After two days of political chaos that threatened to bring down the government, Germany also appeared ready to provide billions more in aid to carry the debt-ridden country through 2014, after Chancellor Angela Merkel indicated that the private sector would not be forced to share in the pain of a second bailout.

Together, the developments in Athens and Berlin boosted hopes Greece will get a second bailout and avoid a devastating debt default, which at one point on Wednesday seemed to be just weeks, if not days, away. Greek shares are up over 5 percent, while the euro has recovered much of the ground lost since Wednesday.

Investors have clearly breathed a sigh of relief that Papandreou’s reshuffle will be enough to get his party’s deputies to back fresh austerity proposals. Papandreou has struggled to garner support for a crucial new package of euro28 billion ($39.5 billion) in spending cuts and tax hikes demanded by the EU and IMF. The package must be voted through parliament if the country is to continue receiving funds from its bailout.

European Commission President Jose Manuel Barroso reminded Greece’s new ministers to make good on their country’s commitments.

“If Greece does its part, I think the European Union also has to do its part because it is in our joint, it is in our common interest,” he said in a statement. “It is critically important that the signals coming from Greece are clear about that.”

By promoting Evangelos Venizelos, who challenged Papandreou for the party leadership four years ago, to the finance ministry, the Prime Minister will hope he met demands of his deputies. On Thursday, at a dramatic seven-hour meeting Socialist lawmakers demanded that the prime minister remove inexperienced loyalists from the Cabinet and replace them with more experienced party veterans, mostly in their late-50s.

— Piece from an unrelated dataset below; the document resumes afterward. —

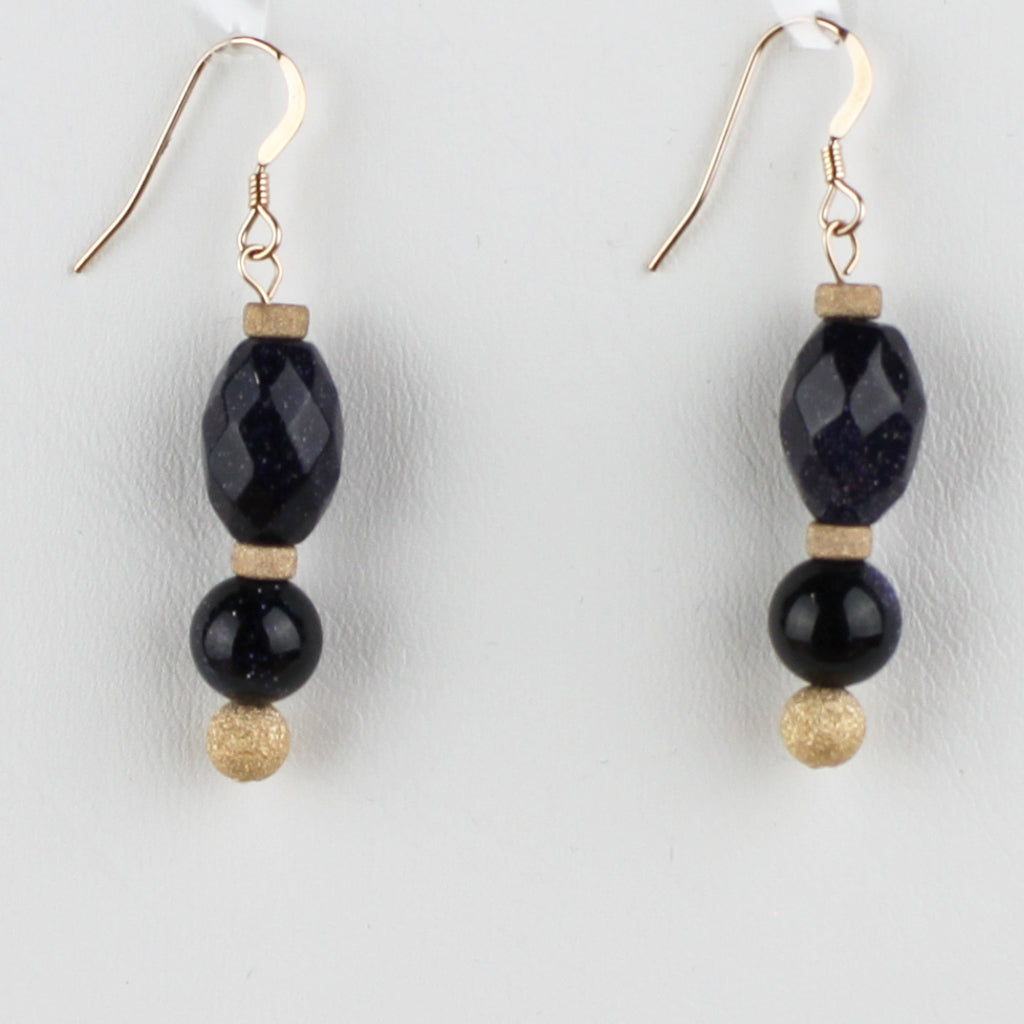 Blue Gold Stone and 14K Rose Gold Earrings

Venizelos, a 57-year-old constitutional law professor, is considered Papandreou’s main internal Socialist rival. A veteran of several ministries, he handled the run-up to Greece’s hosting of the Olympic Games in 2004 as culture minister, and has also held the justice, development and transport portfolios in the past.

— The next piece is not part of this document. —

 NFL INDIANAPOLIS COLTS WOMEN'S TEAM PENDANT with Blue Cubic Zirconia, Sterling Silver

He replaces George Papaconstantinou, who became broadly unpopular as he imposed budget cuts and tax hikes as part of last year’s euro110 billion international bailout deal.

Government portfolios were also redistributed to address demands for faster reform from Greece’s debt monitors at the European Union and International Monetary Fund. A new ministry for administrative reform was created to help scale back the country’s bloated public sector.

Other party heavyweights were also promoted at the expense of Papandreou loyalists in a bid to calm internal dissent and push through the new five-year austerity plan, due to be voted on in Parliament this month.

Dimitris Droutsas, a close friend of Papandreou, lost the foreign affairs portfolio — and any position in the new government, as did Tina Birbili, the outgoing environment minister. Droutsas was replaced by Stavros Lambrinidis, who heads Greece’s Socialists in the European Parliament.

The new cabinet was sworn in shortly after being named, and the new ministers were heading straight into a cabinet meeting with the prime minister.

Venizelos’ immediate task as finance minister is to get on top of budget slippages and setbacks in cost-cutting reforms as well as pushing ahead with a massive privatization drive worth euro50 billion ($70.5 billion). At the same time, he will have to negotiate a vital second bailout package with Greece’s frustrated international creditors.